EXERCISE
No pictures should appear in the copy; otherwise retype the entries exactly.
· · · · ·
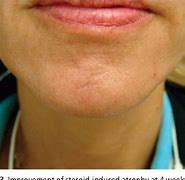 Image result for Skin Atrophy Diagram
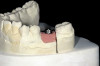 Fig 8. Radiograph taken 3 years after restoration of this mandibular right second molar implant demonstrating a peri-implant lesion.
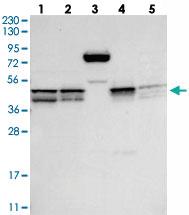 Anti-RMDN2 Rabbit Polyclonal Antibody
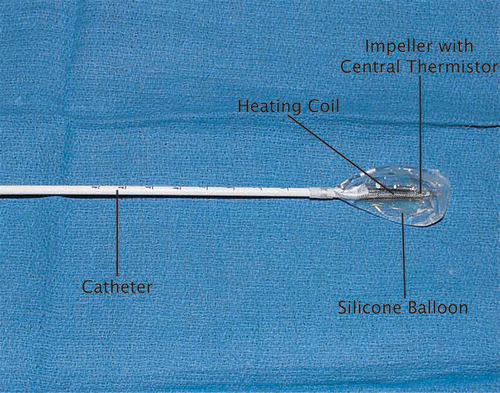 Figure 4. Balloon-catheter with heating coil at its center.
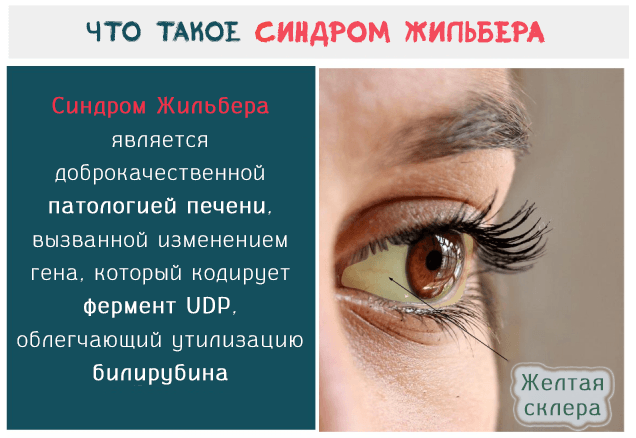 Анализ на синдром Жильбера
· · · · ·
SOLUTION TO THIS TASK
 Image result for Skin Atrophy Diagram
 Fig 8. Radiograph taken 3 years after restoration of this mandibular right second molar implant demonstrating a peri-implant lesion.
 Anti-RMDN2 Rabbit Polyclonal Antibody
 Figure 4. Balloon-catheter with heating coil at its center.
 Анализ на синдром Жильбера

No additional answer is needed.